> **WORK INSTRUCTION**
Using the material below, return exactly the lines between the one holding "Volkswagen Passat B6 2006 photo 2" and the one holding "Youngsters at Thors Oak.", inclusive, and no others.

> **RECORDS FOR THE TASK**
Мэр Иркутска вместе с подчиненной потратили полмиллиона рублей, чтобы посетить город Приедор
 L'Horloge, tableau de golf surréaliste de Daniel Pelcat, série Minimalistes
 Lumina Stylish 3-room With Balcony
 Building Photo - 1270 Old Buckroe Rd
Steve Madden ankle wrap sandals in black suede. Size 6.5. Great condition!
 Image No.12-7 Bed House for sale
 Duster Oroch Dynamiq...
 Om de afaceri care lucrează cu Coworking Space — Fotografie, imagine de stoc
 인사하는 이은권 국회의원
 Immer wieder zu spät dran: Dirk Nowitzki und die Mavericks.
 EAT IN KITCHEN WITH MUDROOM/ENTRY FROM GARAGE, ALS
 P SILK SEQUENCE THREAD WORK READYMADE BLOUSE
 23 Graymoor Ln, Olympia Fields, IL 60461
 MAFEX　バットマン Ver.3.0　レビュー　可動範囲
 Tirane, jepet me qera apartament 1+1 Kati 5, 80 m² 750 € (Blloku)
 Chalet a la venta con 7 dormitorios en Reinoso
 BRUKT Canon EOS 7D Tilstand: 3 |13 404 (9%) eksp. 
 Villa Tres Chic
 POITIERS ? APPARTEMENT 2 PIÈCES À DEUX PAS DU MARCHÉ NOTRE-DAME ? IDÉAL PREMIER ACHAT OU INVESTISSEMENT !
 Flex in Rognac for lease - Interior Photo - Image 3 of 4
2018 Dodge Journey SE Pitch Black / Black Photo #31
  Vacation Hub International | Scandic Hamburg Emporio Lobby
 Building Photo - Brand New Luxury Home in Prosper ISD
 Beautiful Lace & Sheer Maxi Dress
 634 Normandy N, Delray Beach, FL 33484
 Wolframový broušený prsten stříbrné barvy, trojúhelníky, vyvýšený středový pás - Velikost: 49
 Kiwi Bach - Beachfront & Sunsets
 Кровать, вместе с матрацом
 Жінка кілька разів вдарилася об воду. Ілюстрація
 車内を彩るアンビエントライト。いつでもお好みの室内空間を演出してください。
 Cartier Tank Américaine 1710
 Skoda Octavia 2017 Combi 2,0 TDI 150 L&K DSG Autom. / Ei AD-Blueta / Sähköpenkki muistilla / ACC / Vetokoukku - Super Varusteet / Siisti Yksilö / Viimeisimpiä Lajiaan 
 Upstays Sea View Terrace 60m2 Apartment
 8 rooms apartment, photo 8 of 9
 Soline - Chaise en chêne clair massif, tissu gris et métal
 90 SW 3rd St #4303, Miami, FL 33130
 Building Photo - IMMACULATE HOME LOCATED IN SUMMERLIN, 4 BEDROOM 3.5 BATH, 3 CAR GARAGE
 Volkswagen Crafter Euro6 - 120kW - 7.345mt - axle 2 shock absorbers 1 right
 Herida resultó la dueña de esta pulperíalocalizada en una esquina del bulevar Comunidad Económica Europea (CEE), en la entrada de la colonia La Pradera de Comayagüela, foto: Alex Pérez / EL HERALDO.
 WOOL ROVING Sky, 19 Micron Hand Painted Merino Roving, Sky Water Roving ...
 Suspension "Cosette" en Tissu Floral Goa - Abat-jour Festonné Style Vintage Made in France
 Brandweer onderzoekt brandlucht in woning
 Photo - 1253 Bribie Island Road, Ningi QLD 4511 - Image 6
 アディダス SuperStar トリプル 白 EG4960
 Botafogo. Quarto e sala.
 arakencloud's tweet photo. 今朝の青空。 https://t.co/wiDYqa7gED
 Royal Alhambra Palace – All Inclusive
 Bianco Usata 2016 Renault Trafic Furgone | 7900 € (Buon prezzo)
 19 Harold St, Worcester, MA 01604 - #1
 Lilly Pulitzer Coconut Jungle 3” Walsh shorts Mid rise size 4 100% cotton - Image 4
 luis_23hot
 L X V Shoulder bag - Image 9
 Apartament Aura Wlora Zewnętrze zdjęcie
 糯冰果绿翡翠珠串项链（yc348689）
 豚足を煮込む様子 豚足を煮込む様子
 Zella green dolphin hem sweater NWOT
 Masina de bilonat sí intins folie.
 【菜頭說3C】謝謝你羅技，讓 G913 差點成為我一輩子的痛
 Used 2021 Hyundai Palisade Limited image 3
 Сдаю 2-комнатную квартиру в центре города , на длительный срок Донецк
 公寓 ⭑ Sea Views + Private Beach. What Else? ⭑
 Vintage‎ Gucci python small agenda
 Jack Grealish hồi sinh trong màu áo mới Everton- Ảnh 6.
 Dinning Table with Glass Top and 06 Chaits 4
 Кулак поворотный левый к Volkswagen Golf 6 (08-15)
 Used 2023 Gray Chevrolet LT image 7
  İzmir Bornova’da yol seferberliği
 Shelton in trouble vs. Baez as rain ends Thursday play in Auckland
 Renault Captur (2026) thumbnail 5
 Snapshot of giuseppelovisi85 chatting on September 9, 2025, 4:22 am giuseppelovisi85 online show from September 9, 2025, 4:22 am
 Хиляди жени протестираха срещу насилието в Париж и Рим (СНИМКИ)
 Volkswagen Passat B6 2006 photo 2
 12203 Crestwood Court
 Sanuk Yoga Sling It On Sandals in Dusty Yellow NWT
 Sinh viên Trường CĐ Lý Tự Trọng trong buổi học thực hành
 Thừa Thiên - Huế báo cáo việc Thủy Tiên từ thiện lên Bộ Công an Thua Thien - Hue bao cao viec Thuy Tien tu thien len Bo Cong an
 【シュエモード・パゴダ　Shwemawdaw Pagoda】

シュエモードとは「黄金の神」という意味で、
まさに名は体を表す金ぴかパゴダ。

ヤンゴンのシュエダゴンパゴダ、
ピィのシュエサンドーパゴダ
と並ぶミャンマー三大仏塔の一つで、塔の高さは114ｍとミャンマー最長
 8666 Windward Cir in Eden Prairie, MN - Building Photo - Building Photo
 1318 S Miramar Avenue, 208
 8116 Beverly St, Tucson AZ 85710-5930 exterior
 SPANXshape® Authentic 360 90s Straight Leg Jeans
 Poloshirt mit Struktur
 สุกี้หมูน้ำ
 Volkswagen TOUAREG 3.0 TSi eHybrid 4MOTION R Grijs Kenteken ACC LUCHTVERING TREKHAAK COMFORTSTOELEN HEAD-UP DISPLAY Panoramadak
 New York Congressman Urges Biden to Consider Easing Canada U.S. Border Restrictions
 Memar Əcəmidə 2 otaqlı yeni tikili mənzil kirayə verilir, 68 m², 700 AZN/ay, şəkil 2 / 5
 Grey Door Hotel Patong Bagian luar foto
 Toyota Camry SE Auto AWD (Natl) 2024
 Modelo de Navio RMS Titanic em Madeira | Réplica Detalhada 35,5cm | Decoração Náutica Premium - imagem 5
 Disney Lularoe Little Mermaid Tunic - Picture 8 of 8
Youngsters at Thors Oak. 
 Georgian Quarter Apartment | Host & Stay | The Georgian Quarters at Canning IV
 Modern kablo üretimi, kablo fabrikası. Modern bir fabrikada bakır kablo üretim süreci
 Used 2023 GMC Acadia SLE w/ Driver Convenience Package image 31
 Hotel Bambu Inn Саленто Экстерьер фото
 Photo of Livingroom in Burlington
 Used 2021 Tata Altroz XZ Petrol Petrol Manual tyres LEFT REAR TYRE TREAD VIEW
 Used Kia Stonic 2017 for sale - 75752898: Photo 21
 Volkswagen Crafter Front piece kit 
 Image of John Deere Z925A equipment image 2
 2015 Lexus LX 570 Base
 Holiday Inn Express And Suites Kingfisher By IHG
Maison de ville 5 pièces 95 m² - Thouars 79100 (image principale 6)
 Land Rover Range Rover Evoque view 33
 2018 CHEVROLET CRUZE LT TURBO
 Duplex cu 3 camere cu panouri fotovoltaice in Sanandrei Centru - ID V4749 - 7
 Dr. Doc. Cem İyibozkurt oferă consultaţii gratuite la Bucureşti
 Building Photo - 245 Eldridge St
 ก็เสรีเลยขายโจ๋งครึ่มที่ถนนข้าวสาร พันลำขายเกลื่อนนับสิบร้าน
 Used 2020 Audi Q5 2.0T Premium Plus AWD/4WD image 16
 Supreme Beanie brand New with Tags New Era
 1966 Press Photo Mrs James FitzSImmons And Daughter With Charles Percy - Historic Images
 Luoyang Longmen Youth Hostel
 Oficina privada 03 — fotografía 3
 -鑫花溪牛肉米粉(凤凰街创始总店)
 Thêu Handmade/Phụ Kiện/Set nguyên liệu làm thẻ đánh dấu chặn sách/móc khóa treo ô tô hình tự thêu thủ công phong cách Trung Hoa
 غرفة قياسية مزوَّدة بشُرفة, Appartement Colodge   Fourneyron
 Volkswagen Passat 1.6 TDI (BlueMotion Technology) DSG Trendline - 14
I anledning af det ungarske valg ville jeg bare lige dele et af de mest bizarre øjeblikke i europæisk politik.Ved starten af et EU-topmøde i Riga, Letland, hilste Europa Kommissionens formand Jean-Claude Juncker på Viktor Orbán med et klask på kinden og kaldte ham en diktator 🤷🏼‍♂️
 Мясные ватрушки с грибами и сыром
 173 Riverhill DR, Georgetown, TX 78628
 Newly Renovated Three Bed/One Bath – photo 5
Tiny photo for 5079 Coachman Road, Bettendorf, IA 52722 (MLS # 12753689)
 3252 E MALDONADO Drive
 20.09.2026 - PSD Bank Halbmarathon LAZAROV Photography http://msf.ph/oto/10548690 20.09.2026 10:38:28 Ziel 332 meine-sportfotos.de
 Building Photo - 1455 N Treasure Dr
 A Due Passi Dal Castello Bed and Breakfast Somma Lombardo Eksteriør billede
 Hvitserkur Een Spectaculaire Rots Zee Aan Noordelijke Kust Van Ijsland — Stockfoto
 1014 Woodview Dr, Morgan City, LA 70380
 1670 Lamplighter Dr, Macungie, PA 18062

> **EXERCISE ANSWER**
 Volkswagen Passat B6 2006 photo 2
 12203 Crestwood Court
 Sanuk Yoga Sling It On Sandals in Dusty Yellow NWT
 Sinh viên Trường CĐ Lý Tự Trọng trong buổi học thực hành
 Thừa Thiên - Huế báo cáo việc Thủy Tiên từ thiện lên Bộ Công an Thua Thien - Hue bao cao viec Thuy Tien tu thien len Bo Cong an
 【シュエモード・パゴダ　Shwemawdaw Pagoda】

シュエモードとは「黄金の神」という意味で、
まさに名は体を表す金ぴかパゴダ。

ヤンゴンのシュエダゴンパゴダ、
ピィのシュエサンドーパゴダ
と並ぶミャンマー三大仏塔の一つで、塔の高さは114ｍとミャンマー最長
 8666 Windward Cir in Eden Prairie, MN - Building Photo - Building Photo
 1318 S Miramar Avenue, 208
 8116 Beverly St, Tucson AZ 85710-5930 exterior
 SPANXshape® Authentic 360 90s Straight Leg Jeans
 Poloshirt mit Struktur
 สุกี้หมูน้ำ
 Volkswagen TOUAREG 3.0 TSi eHybrid 4MOTION R Grijs Kenteken ACC LUCHTVERING TREKHAAK COMFORTSTOELEN HEAD-UP DISPLAY Panoramadak
 New York Congressman Urges Biden to Consider Easing Canada U.S. Border Restrictions
 Memar Əcəmidə 2 otaqlı yeni tikili mənzil kirayə verilir, 68 m², 700 AZN/ay, şəkil 2 / 5
 Grey Door Hotel Patong Bagian luar foto
 Toyota Camry SE Auto AWD (Natl) 2024
 Modelo de Navio RMS Titanic em Madeira | Réplica Detalhada 35,5cm | Decoração Náutica Premium - imagem 5
 Disney Lularoe Little Mermaid Tunic - Picture 8 of 8
Youngsters at Thors Oak. 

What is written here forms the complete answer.